Here comes another one, just like the other one...

My second Adelman package arrived today, and Lorelei is now quietly sleeping in its bed...

Since Lorelei is a rare peony and cost twice as much as Minnie Shaylor, I honestly wasn't sure what kind of division I'd get. I know there are some peonies that are expensive because their eyes/roots grow in a tangled manner that makes it hard to get a nice division, or because they're slow to propagate, so I wondered if Lorelei would be smaller than Minnie Shaylor. After all, 3-5 eyes is the industry standard, and there are some places that do even smaller divisions than that(I'm still fuming over the 1 eye division White Flower Farm gave me of Coral Charm years back...I haven't seen a single flower on that thing), but Lorelei had six eyes and three storage roots, just like Minnie Shaylor. The eyes themselves were actually bigger.

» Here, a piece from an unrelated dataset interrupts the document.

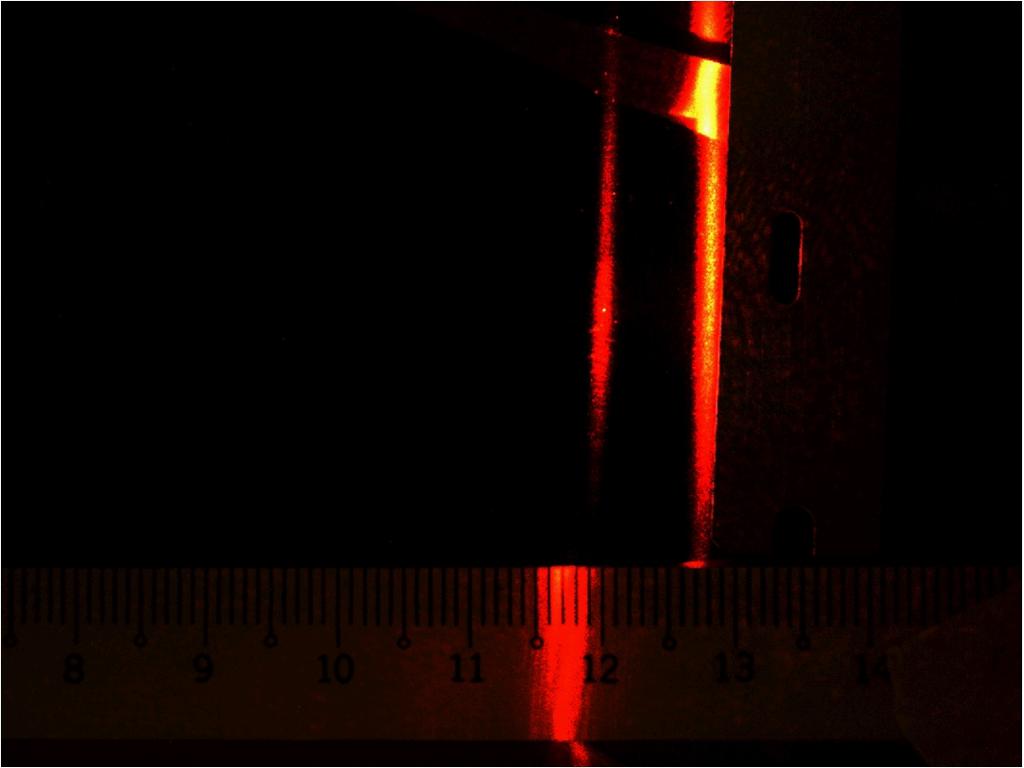 1 Experiment 1: manual recording For the first experiment, the set-up was as shown in Fig. 1. A laser beam was sent through a cylindrical lens, which projected a line of light onto the sample.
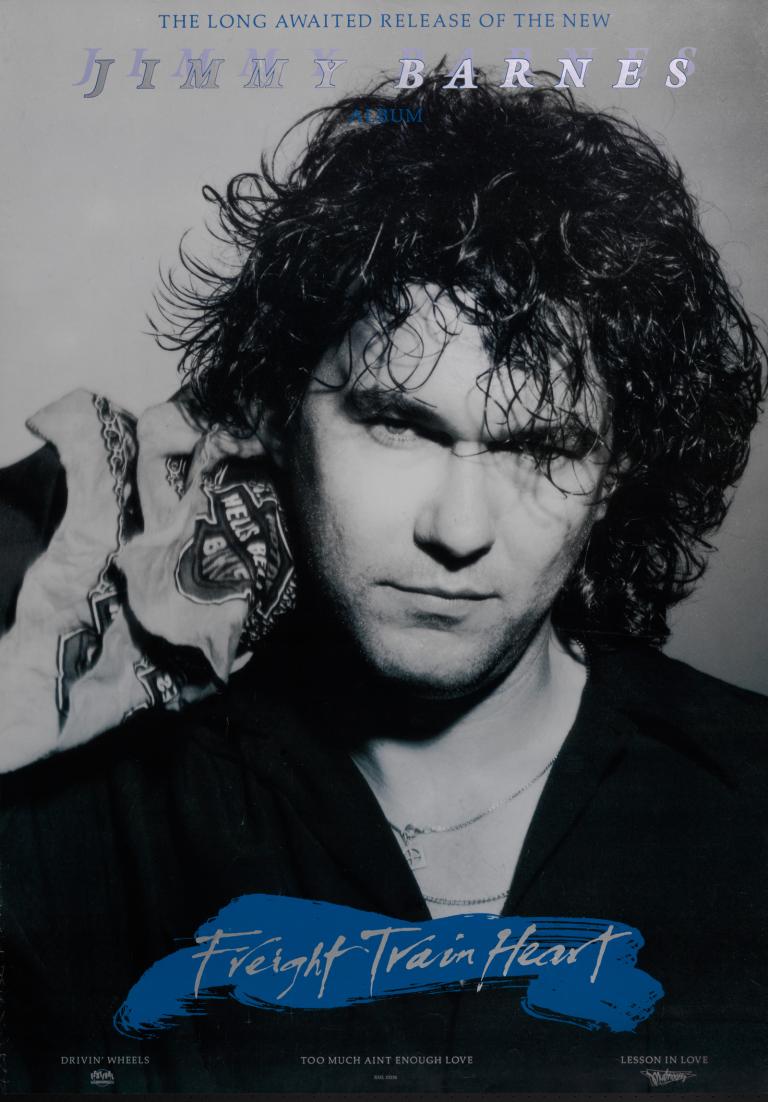 Head and shoulders shot of Jimmy Barnes looking directly at camera, pictured against a grey background on a poster for the album 'Freight Train Heart'. His name is written at the top and the album name at the bottom.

I'm dying to see what Lorelei looks like in bloom. I hope it won't be too long! Almost all the corals are some white peony(usually Minnie Shaylor)crossed with p. peregrina, but Lorelei is a medium pink bomb-shaped peony called Belleville crossed with a red peony called Good Cheer. I don't think Good Cheer is a lactiflora...I'm trying to look it up but my browser keeps crashing. ^^;;;

EDIT: It looks like Good Cheer is p.officinalis(aka "Memorial Day Peony") crossed with p.peregrina. So Lorelei is 1/3 p.peregrina, as opposed to 1/2 like the other corals. I think p.officinalis is where they got the weird red hue found in Buckeye Belle?

That rare Saunders hybrid peony Lavender is fascinating. Everybody says it's hard to grow and has a smaller range of conditions it can be grown in, but nobody will say what those conditions are. ^^;;; Its wild peony parent is a native of northern Morocco, and it grows in cedar forests...so maybe part to full shade and acid soil only?